The new legislation, tabled in an effort to protect temporary workers, could lead to fewer people finding work and the contracts of temporary employees not being renewed after three months, Solidarity deputy general secretary Johan Kruger said on Friday.

The LRAA required employers to limit the use of temporary contracts and to ensure temporary workers were employed for no longer than three months.

Companies that employed temporary workers for more than three months were required to provide them with the same benefits as those available to permanent employees.

Kruger said government’s ambitions of “forcing” employers to employ temporary workers permanently would discourage employers to employ temporary workers.

“Companies will increasingly subcontract services or scale down certain activities rather than employ temporary workers,” he noted.

However, in a previous brief, law firm Cliffe Dekker Hofmeyr director and national head of the employment practice Aadil Patel said employees would “enjoy far greater protection” than what was currently available to them, with concomitant limitations placed on employers to use such employment structures.

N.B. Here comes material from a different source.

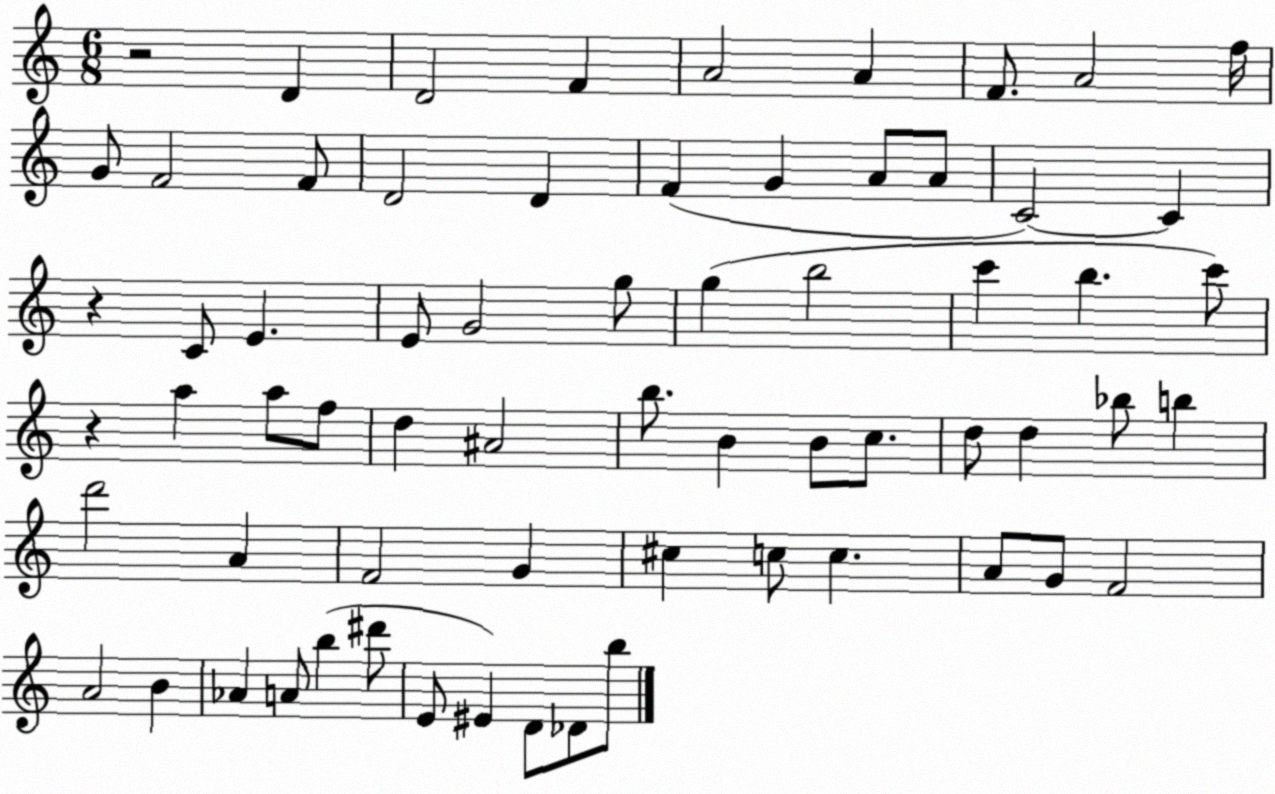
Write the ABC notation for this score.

The new law meant that employers had to justify fixing the duration of an employment contract, and would result in the employees becoming permanent employees or being deemed to be employees of the labour broker, or the temporary employment service, used by the company.

The legislation that was meant to protect workers was limited “in some respects”, Patel commented, pointing out that it only applied to those earning below a statutory income threshold and, in the case of fixed-term employees, some smaller and start-up employers may be exempted.